Nun ist längst bekannt, dass sich die Geschichte immer wiederholt und da Ray Charles nicht mehr unter uns weilt, fühlt sich Altmeister Solomon Burke nun verpflichtet. Und so sendet uns die gewichtige Soulstimme einen musikalischen Gruß vom Vorhof der Hölle: Nashville. Recorded march 28 - April 6 at Buddy Miller's home, Nashville, TN, wie das Cover verrät.

Und Gott sei Dank hat Burke die Nasenklammer für die Aufnahmen abgenommen. Leider konnte Gott das Micky Maus-Stimmdouble (Dolly Parton) nicht am mitquäken hindern. So bleibt dem So(u)lomon Fan nur eines übrig: Ohren zu und durch.

14 Tracks lang gab ich die Hoffnung nicht auf, dass einzelne Band-Mitglieder das Studio für eine Pinkelpause verlassen und sich auf dem Rückweg in den US-Musikantenstadl verlaufen. Damit wäre dann Platz für den begnadeten Organisten oder die Blind Boys gewesen, die "don't give up on me" so großartig machten.

Fazit: Solomons unvergessliche Stimme reißt's natürlich raus, macht z.B. Track 5 "Valley of tears" zu einer fantastischen Ballade, belebt die Songs mit seiner schwarzen Seele.

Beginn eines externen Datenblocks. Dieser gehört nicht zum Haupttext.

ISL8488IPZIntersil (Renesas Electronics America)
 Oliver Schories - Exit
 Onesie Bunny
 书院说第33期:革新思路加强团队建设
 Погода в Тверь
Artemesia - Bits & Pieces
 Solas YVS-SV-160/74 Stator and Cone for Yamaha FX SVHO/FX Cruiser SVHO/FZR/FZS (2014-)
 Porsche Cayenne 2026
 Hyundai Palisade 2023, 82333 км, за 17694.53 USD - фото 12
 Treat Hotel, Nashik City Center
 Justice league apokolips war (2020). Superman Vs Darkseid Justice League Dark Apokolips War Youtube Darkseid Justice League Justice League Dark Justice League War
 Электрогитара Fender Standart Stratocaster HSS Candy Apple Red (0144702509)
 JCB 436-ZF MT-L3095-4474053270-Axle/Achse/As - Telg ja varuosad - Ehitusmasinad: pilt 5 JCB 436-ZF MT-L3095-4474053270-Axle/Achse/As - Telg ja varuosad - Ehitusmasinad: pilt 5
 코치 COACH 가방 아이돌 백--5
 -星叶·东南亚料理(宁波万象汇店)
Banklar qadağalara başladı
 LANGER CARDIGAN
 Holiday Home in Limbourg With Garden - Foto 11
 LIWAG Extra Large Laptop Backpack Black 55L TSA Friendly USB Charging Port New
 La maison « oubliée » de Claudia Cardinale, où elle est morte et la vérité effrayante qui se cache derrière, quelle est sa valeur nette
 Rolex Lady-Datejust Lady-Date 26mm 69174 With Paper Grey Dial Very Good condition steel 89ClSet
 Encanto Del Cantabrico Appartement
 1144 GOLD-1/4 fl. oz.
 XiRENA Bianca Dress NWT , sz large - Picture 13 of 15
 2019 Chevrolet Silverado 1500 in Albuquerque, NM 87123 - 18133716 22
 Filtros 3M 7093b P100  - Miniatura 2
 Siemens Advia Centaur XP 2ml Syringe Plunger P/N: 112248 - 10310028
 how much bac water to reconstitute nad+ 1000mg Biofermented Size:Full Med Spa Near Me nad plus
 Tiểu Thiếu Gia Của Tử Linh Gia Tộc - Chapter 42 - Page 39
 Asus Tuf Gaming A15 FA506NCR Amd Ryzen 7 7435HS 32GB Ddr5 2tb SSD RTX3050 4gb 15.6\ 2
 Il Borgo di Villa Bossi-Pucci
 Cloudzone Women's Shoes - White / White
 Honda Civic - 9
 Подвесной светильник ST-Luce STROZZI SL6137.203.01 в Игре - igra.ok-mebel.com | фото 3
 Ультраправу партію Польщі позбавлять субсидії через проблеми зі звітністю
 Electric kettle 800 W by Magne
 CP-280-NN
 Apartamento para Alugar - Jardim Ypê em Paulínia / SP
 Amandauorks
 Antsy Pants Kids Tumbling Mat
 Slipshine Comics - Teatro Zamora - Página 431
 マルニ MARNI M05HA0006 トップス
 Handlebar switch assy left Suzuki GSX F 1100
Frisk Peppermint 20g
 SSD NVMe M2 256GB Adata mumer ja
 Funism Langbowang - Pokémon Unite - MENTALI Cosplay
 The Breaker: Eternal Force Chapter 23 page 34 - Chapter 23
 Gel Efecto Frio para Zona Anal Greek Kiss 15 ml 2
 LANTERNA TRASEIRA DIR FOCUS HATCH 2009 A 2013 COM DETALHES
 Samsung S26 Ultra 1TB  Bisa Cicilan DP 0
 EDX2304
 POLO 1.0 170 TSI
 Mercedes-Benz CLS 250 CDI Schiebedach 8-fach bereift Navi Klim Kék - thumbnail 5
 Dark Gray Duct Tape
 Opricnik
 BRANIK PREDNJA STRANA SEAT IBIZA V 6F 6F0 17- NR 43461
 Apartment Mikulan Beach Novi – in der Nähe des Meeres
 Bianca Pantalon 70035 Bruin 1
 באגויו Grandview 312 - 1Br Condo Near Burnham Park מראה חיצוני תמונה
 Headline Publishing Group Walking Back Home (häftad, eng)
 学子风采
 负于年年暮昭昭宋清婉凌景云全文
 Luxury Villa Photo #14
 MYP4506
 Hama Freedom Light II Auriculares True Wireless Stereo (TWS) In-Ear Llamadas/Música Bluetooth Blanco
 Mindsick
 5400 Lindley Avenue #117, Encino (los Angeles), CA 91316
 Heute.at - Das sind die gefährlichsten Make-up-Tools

Doch Country-Fans kommen leider eher auf ihre Kosten und Soul Fans bleibt der Wunsch nach einer Neuaufnahme mit der guten alten Band... Es könnte so schön sein :-).

In freudiger Erwartung auf die Zugabe, Comeback-CD 4, die im Geschäft hoffentlich unter "Soul" und nicht bei der Volksmusik zu finden sein wird.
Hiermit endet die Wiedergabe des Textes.